SOURCE RECORDS:

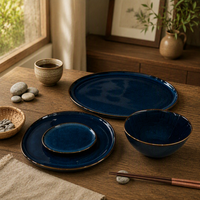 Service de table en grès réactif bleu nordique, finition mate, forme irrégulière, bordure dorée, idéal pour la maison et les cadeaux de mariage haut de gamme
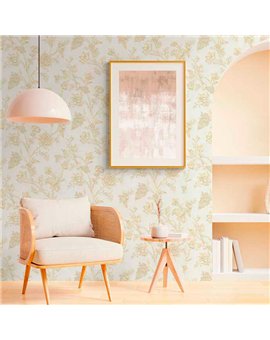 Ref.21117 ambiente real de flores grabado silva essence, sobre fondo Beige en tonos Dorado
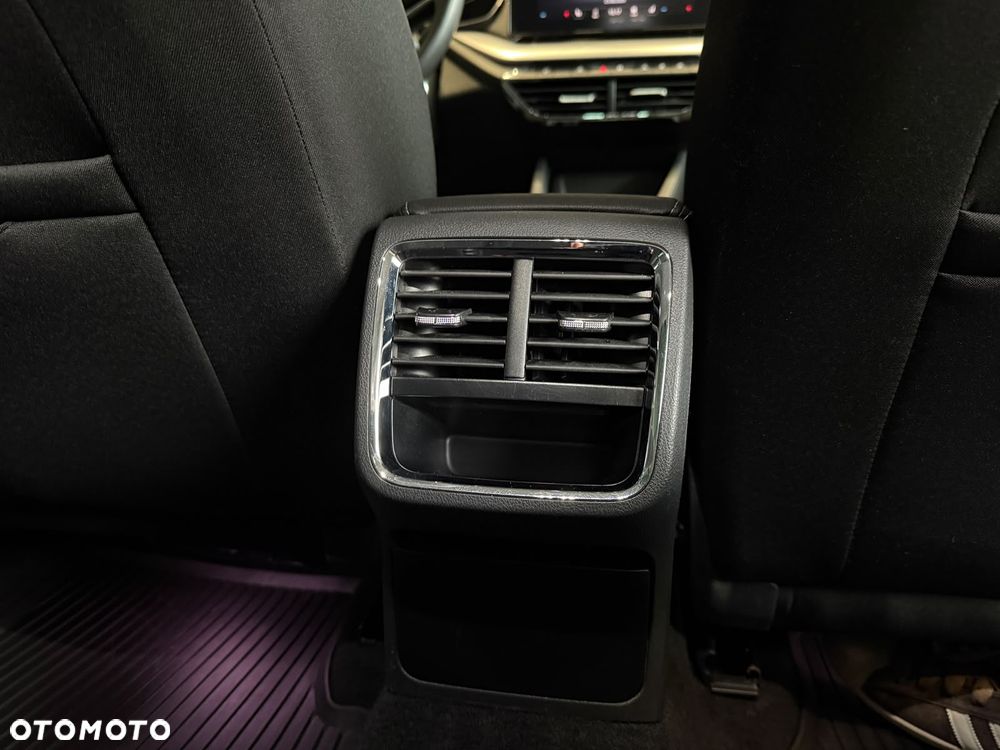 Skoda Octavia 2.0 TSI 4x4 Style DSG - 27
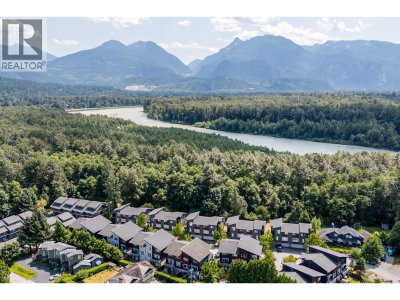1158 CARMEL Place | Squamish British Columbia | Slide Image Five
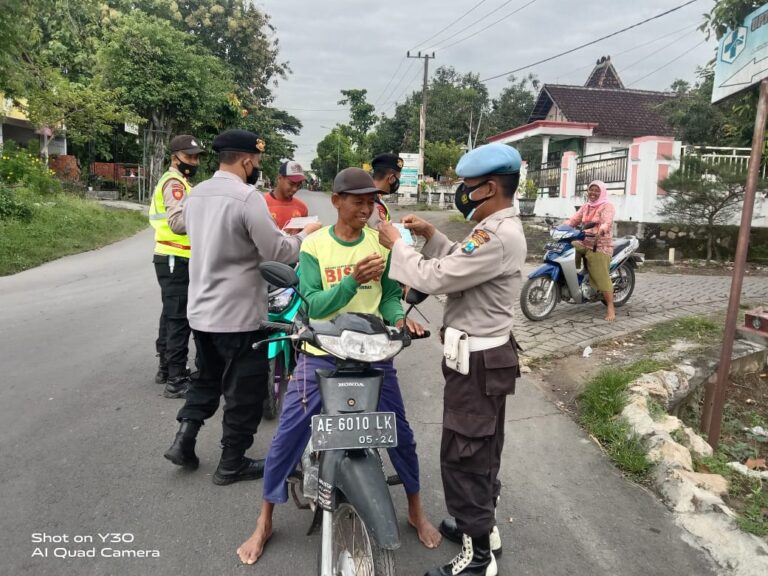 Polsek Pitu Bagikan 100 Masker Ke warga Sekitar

WORK INSTRUCTION: Pictures are not part of the copy; reproduce exactly and only the lines from the line containing "Ref.21117 ambiente real" through the end of the listing.

FINISHED EXERCISE:
 Ref.21117 ambiente real de flores grabado silva essence, sobre fondo Beige en tonos Dorado
 Skoda Octavia 2.0 TSI 4x4 Style DSG - 27
1158 CARMEL Place | Squamish British Columbia | Slide Image Five
 Polsek Pitu Bagikan 100 Masker Ke warga Sekitar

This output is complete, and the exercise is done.